You come across fascinating people in your work. Tell us about the most interesting person you’ve met this year. Everyone who is speaking at my event PSFK Conference NYC on April 9. I know of so many innovators but these really are the cream of the crop. (Click here for the full list of names).
PSFK started with your blog in 2004 where you collected ideas you found interesting. Can you tell us how PSFK has developed? PSFK.com is a daily ideas site. We publish up to 30 times a day on an array of subjects from art to business, from cars to tech. It was launched in June 2004. PSFK began as my personal project when I moved from London to New. My first collaborator was Simon King and I mixed his initials with mine to name the site. Over time the site became popular as more content was published on a wide array of subjects by contributors from around the world.
In the summer of 2005, PSFK was first commissioned to provide advice to Anheuser Busch about trends in Europe. Our consultancy business has since grown and recently we today we are working Apple, BMW, Pepsi and Target.

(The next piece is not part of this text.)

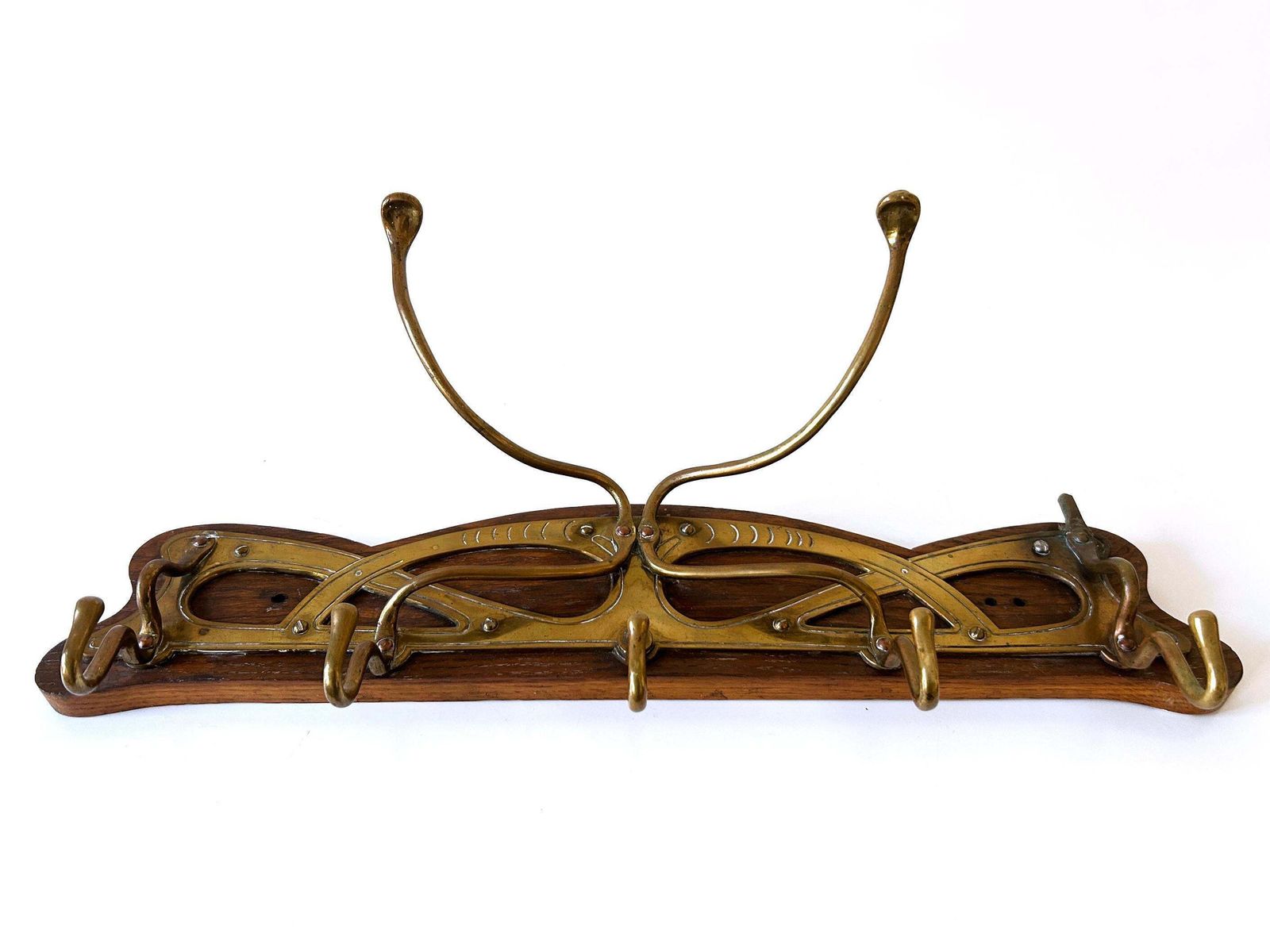Original Art Nouveau Brass & Wood Coat Rack Or Hanger Germany 1900s photo vinterior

In March 2007 in New York, I started the first of a series of conferences to bring to life the conversations that were taking place on the site. Since then, PSFK Conferences have taken place in London, Los Angeles, New York, San Francisco and Singapore. In late 2008, PSFK created the Good Ideas Salons as intimate forums around single topics. These salons are run by PSFK and friends across the globe.
Then in January 2009, PSFK launched the Purple List network of experts to help introduce corporations and creative service organizations to innovation and research freelancers. At the end of 2009, with growth in staff to 10 full time, we moved to a new office on Broome Street in SoHo.
Do you still find your work spilling over to your home? Where do you work when you work at home? Before the move to the office space in Soho we worked over at a loft space on Broadway. In 2006 I borrowed a desk at the ad agency ‘Anomaly’ while I was working on PSFK which then was just a project. Surrounded by creative and entrepreneurial spirit my business took off and we grew seat by seat until they ran out of seats. I work a lot from home. I start work between 6.30 and 7 at my dinner table and work through to about 10.30. It’s the time I do research. I don’t check email, I don’t take calls, I scan 1,100 RSS feeds for the latest news. I do get distracted occasionally and play with my son and daughter Cy and Georgeanna.
What are you reading? A few chapters into the Happiness Project. Checking into Box Bottle Bag a bit. Sort of half way through Linchpin. Completed PSFK’s Good Ideas for 2010 book.
Where do you see PSFK in 5 years? Educator, retailer, charity, events space, VC fund, bar.